Even before she’d finished her question, the Doctor had turned to the main console. He flashed a grin over his shoulder at her. “Right then. We’re off to visit the city of Atlantis, Pegasus Galaxy, in the year 2006.”
He had to have known how much that would shock her. Sometimes she thought he planned these things deliberately, just to provoke a reaction. “Pegasus Galaxy? Doctor, humans haven’t gotten past the moon in my time and you’re telling me that kid winds up in a different galaxy?”
Turning his attention back to the coordinates he was imputing, the Doctor continued. “Well they haven’t exactly told the rest of the planet that they’ve been traveling off-world for the past nine years or so, but his program’s been out there. And when they figure out that the city of Atlantis was in another galaxy, our little Rodney, who’s not exactly little by this point, is the head of the science department.”

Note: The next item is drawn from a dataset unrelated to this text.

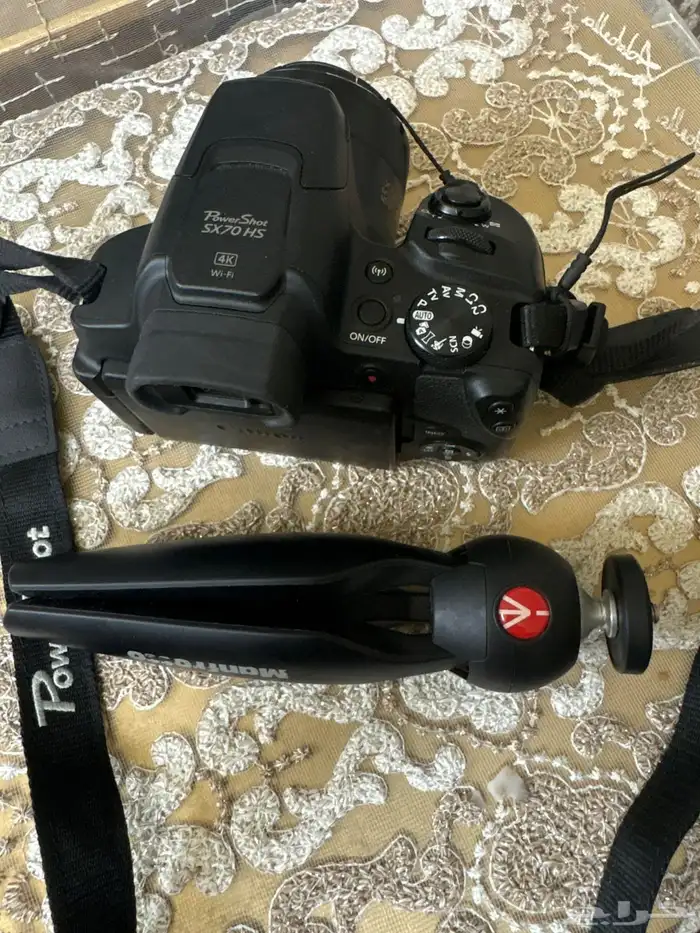 كاميرا كانون Sx70 0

Their conversation was interrupted as the TARDIS started shuddering as it faded into existence on Atlantis. The Doctor glanced up at the coordinates and grinned again. “Another perfect landing, right in the middle of their Gateroom. Right then, shall we pop out and go see what Rodney’s been up to here for the past two and a half years?
Rose grinned. This was her Doctor at his most cheerful, and his mood was amazingly infectious at times like these. “Ready when you are, Doctor.”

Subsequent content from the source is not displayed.